Saya terus makan dengan santai dan nikmat sampai akhirnya pemesan meja yang kosong tiba. Seorang wanita berwajah Indonesia dengan pasangannya lelaki Jerman. Mereka asyik berbicara bahasa Jerman.Sampai akhirnya saya mencoba menegur wanita itu dalam bahasa Indonesia.

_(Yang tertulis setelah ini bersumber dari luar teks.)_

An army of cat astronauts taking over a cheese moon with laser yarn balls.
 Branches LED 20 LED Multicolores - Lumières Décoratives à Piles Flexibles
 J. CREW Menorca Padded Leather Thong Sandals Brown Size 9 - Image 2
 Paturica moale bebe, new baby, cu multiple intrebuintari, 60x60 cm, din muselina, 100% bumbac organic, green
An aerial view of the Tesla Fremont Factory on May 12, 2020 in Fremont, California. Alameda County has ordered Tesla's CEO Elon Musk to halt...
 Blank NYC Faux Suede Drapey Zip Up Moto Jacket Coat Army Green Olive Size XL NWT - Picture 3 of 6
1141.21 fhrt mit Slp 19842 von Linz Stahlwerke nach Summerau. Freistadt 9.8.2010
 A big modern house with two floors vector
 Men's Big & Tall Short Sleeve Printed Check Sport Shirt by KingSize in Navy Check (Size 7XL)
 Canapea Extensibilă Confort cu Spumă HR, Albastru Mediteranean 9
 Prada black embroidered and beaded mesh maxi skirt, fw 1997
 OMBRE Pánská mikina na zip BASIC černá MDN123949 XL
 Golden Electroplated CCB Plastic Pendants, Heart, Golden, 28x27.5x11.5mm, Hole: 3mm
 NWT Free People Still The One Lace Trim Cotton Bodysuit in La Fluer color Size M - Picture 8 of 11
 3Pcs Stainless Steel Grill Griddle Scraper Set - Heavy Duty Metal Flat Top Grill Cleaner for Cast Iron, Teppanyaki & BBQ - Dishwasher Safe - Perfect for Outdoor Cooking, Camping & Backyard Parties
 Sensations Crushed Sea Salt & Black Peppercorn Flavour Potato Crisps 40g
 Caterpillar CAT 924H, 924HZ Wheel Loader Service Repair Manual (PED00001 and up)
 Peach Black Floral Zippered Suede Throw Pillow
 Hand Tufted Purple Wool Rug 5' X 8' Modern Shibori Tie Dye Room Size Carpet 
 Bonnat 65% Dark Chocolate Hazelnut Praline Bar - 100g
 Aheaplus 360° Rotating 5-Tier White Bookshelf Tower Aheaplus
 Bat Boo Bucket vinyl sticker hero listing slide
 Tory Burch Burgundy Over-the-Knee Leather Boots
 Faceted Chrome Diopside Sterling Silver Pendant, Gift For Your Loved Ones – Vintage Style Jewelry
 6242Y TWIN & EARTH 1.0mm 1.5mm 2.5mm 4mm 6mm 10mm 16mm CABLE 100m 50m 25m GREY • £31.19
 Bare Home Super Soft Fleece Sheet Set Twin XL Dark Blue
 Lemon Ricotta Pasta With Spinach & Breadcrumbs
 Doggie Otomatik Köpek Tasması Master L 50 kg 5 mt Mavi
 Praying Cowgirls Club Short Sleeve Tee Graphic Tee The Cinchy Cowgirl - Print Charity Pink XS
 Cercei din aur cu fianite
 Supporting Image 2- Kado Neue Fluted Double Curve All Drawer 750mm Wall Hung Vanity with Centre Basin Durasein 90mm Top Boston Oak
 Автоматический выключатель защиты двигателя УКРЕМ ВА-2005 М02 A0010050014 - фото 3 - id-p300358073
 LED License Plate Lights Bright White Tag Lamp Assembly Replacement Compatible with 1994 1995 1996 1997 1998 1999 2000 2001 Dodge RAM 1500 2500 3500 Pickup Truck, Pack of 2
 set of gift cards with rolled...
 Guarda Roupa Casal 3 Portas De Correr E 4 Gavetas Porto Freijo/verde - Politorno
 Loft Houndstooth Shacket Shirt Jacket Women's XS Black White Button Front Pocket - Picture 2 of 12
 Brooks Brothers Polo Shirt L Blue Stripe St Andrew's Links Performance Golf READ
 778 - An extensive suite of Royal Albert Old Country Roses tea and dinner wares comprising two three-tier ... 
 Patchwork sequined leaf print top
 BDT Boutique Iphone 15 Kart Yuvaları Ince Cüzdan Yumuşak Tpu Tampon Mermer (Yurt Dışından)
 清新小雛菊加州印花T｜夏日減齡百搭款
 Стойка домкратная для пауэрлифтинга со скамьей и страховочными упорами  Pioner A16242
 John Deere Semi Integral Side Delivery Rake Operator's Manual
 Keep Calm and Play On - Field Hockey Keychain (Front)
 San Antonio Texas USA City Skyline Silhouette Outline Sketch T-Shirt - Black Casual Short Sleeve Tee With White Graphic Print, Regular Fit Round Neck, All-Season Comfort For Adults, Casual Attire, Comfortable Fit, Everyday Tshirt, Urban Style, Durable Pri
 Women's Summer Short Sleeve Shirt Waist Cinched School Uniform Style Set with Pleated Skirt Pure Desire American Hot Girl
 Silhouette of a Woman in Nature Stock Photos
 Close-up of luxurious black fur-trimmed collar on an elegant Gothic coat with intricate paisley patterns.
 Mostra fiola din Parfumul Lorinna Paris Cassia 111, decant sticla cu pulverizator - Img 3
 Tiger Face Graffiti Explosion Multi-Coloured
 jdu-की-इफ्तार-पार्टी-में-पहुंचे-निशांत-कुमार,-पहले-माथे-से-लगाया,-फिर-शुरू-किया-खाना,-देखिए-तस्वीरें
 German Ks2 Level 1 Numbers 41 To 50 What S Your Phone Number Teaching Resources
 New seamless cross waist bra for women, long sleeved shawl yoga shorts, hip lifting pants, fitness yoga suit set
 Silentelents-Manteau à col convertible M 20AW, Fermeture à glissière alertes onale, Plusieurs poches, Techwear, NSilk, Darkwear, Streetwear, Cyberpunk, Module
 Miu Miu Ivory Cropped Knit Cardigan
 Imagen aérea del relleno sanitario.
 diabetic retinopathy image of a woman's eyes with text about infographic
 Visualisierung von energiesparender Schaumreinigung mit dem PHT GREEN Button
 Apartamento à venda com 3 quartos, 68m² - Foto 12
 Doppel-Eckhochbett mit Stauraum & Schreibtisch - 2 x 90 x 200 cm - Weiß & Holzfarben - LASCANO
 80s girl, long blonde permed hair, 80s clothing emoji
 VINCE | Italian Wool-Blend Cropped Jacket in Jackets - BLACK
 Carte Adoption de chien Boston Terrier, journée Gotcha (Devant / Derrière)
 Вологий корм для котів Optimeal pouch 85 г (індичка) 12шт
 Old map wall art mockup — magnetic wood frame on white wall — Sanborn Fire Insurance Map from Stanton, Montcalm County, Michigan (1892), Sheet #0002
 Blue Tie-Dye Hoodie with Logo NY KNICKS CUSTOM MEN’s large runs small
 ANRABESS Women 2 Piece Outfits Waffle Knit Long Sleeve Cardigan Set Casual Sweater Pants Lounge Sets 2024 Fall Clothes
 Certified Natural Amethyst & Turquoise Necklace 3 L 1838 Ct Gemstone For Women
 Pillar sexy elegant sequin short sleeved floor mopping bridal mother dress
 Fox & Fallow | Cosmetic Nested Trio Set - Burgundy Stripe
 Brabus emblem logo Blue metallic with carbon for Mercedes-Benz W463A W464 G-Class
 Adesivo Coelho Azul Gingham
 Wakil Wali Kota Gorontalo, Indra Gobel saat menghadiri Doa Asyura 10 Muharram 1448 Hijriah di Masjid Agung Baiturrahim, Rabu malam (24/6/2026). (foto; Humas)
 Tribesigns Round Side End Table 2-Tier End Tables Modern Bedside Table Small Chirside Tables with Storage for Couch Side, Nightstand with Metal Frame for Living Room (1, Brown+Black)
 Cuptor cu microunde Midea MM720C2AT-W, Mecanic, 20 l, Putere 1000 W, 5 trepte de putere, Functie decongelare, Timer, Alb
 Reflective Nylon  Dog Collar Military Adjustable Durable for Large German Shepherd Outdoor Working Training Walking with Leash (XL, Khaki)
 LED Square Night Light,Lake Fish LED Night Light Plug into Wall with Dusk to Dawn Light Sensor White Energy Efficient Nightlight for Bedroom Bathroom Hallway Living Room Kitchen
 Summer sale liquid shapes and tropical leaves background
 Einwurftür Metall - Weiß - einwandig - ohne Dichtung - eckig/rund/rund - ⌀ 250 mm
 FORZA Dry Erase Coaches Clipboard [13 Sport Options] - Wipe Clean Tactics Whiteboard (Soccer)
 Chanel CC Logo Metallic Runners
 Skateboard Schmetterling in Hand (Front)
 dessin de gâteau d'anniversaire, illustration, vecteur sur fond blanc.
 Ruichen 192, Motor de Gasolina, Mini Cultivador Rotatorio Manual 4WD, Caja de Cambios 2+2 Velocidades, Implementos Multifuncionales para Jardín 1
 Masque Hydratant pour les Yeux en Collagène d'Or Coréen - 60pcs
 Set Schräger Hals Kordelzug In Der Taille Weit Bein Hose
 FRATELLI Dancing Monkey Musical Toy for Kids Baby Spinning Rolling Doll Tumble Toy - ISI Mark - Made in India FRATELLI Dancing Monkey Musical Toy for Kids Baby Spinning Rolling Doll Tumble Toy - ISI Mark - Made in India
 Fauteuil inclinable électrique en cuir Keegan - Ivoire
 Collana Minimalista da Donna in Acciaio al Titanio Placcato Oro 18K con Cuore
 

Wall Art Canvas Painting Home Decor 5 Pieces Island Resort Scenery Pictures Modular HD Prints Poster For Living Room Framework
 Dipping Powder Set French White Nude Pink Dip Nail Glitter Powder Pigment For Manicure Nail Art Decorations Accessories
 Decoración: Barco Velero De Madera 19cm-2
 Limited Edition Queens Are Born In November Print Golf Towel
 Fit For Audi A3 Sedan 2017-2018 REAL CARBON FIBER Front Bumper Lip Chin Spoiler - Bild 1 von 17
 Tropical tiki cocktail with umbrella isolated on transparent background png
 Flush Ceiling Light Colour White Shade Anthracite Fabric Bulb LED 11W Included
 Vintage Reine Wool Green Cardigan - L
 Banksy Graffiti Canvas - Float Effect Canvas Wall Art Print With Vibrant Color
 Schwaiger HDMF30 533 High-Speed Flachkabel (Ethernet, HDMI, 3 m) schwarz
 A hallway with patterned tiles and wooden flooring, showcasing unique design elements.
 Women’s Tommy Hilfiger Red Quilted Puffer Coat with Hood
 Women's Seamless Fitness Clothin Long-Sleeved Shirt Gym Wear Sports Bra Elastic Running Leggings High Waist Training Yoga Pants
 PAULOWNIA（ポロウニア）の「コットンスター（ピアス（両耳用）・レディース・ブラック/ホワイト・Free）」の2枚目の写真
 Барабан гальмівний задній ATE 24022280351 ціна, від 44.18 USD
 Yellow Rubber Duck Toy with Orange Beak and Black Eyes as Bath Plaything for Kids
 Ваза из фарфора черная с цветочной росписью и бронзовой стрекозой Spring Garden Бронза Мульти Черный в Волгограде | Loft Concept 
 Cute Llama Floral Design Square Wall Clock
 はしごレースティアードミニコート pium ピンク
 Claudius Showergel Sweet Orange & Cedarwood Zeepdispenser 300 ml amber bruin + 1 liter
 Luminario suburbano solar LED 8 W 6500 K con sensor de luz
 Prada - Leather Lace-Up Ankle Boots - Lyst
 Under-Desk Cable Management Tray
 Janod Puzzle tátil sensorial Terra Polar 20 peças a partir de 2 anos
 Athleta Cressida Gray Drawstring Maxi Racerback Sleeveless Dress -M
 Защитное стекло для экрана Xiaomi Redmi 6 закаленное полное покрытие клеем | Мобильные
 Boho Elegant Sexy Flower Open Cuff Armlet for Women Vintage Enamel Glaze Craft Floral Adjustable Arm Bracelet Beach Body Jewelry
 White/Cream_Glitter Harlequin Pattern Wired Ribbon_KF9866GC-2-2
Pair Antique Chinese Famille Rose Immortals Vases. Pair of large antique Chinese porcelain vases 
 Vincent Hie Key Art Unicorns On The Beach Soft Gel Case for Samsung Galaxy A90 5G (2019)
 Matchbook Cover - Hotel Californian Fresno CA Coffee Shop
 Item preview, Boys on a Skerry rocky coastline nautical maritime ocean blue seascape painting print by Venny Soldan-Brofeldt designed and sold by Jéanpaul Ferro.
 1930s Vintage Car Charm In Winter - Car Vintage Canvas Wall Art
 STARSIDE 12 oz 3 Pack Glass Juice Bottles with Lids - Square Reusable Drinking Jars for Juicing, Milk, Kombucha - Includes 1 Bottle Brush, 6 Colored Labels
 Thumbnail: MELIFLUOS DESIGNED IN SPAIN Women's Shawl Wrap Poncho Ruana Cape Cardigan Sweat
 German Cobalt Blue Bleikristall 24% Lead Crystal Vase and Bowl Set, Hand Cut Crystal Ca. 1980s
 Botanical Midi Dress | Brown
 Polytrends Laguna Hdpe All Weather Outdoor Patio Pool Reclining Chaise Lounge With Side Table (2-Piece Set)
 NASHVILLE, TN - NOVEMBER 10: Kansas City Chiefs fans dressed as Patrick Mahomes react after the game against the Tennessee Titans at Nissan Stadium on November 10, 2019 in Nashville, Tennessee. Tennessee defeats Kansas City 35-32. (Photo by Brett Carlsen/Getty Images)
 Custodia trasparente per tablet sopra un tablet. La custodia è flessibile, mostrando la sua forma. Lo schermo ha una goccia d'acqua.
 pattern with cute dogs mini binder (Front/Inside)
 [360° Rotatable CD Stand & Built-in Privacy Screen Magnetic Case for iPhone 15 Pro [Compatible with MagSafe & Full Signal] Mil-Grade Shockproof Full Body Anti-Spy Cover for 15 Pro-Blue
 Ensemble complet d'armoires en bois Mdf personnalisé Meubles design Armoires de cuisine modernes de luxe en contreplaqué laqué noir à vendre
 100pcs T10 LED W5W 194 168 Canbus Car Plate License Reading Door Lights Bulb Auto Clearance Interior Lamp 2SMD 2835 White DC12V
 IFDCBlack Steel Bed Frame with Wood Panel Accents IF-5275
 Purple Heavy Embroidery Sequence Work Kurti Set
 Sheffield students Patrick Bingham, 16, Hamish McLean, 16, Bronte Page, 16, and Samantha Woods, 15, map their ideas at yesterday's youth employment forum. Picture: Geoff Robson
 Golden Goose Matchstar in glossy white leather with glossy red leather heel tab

Ternyata wanita ini berasal dari Filipina dan merupakan pelanggan setia Mabuhay sejak dahulu.
Sepotong malam yang hangat walaupun udara di Berlin cukup dingin menusuk tulang.Saya pun kemudian pamit dengan Lusi dan mengucapkan Aufwiedersehen sambil berjalan ke stasiun U-Bhan Mendelssohn-Bartholdy yang letaknya kira-kira 50 meter di depan restoran ini.
Siapa sangka, di Berlin kita bisa bertemu dengan orang berbagai bangsa yang semuanya bisa berbicara bahasa Indonesia.